His son, Kody Clemens, only has one. But the infielder-by-trade/reliever-when-necessary may now have substantive bragging rights, after notching his first strikeout against none other than two-way sensation/superstar/reigning American League MVP Shohei Ohtani.

With the Tigers on the wrong end of a lopsided game late in Monday night’s 10-0 loss to the Angels at Angel Stadium, it was Clemens who was called upon by manager A.J. Hinch to save the bullpen in the eighth inning, which provided the context for Clemens’ emphatic post-strikeout fist pump -- and his saving of the ball as a souvenir.

“I’ll probably definitely frame it, for sure,” Clemens said after the game with a smile.

Willing to answer a call that’s come his way three times in the past seven days (and six times this season), Clemens was definitely aware of the chance to face Ohtani, who’d already swatted his 31st and 32nd home runs of the season on the night.

“[We] were talking in the dugout. I was like, ‘I’m probably going to face Shohei in the eighth, or whatever,'” Clemens explained. “I was just throwing it in there, and I got to two strikes. I was like, ‘Oh my god, this might happen. Who knows?' And I threw it 60-whatever miles an hour, and luckily, he took it.”

In reality, it was registered as a 68.4 mph eephus pitch, which in the context of the game worked the same as an expertly-placed, high-velocity heater.

“I just throw a fastball, and then I have like a little ‘air cutter’ that I mess around with for fun. I don’t know,” a still clearly gobsmacked Clemens joked about his pitching repertoire.

Did it look to him like the pitch caught Ohtani off-guard?

“I don’t know. I mean, it caught me by surprise," Clemens said.

“It was a wonderful pitch," Ohtani later said with a laugh.

The circumstances of Clemens’ first strikeout were not ideal. That much was obvious. No team wants to resort to trotting a position player out to the mound, as it likely means things aren’t going well.

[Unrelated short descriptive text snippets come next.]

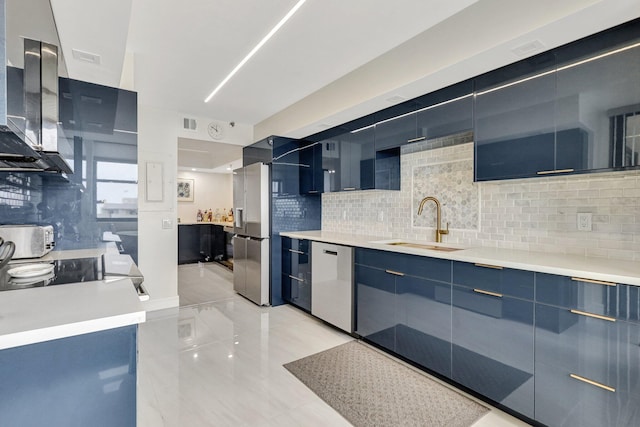 4600 S Ocean Blvd Unit 1003, Highland Beach, FL 33487 - kitchen featuring appliances with stainless steel finishes, ventilation hood, a sink, modern cabinets, and blue cabinetry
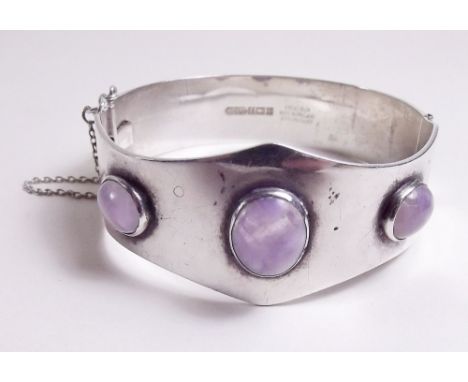 A silver hinged bangle set three amethysts 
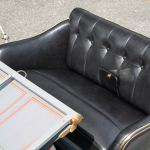 Black buttoned leather bench seat on a 1903 AC Sociable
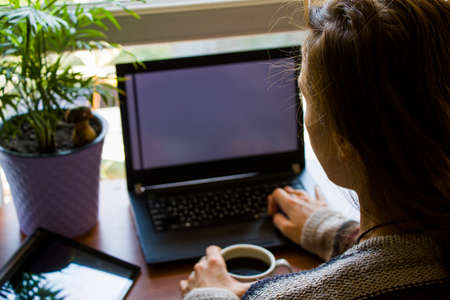 Woman working in office with digital tablet and notebook, writing and typing on the deviceの写真素材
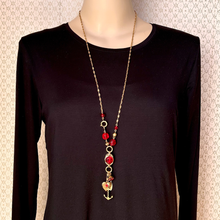 Load image into Gallery viewer, A long gold-tone necklace with red beads and a dangling anchor charm with a small heart detail, displayed on a mannequin wearing a black long-sleeve top against a patterned beige background.
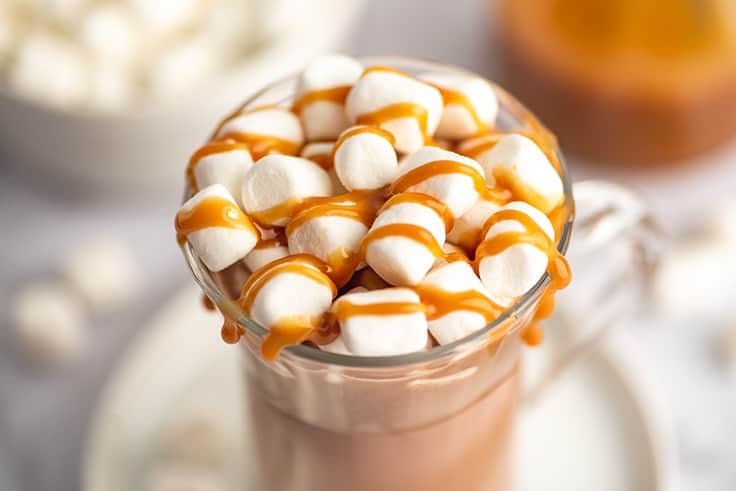 Close photo of salted caramel hot chocolate in a mug with marshmallows and caramel drizzle.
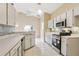 The kitchen features stainless appliances, white cabinets, and a view from the window at 10304 Rainbow Oaks Dr, Hudson, FL 34667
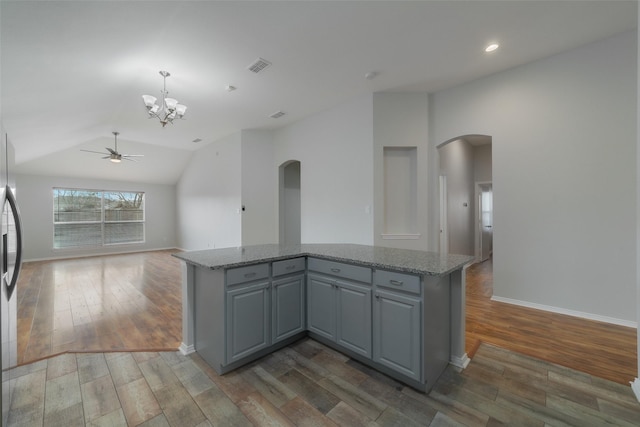 kitchen with pendant lighting, wood-type flooring, lofted ceiling, and gray cabinets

“I never even thought I would pitch in the big leagues, you know? So it’s pretty wild,” Clemens said. “I don’t want to ever pitch. None of us [position players] do. When it comes to that moment, it’s unfortunate. … It’s not a fun feeling when we have to do that.”

Of course, these particular circumstances allowed for a bit of amusement for Clemens, who has now logged six innings, allowing three runs on 10 hits with that one now-legendary strikeout. Is he on his way to becoming baseball's next two-way star?

“No, not even close,” Clemens said with a laugh.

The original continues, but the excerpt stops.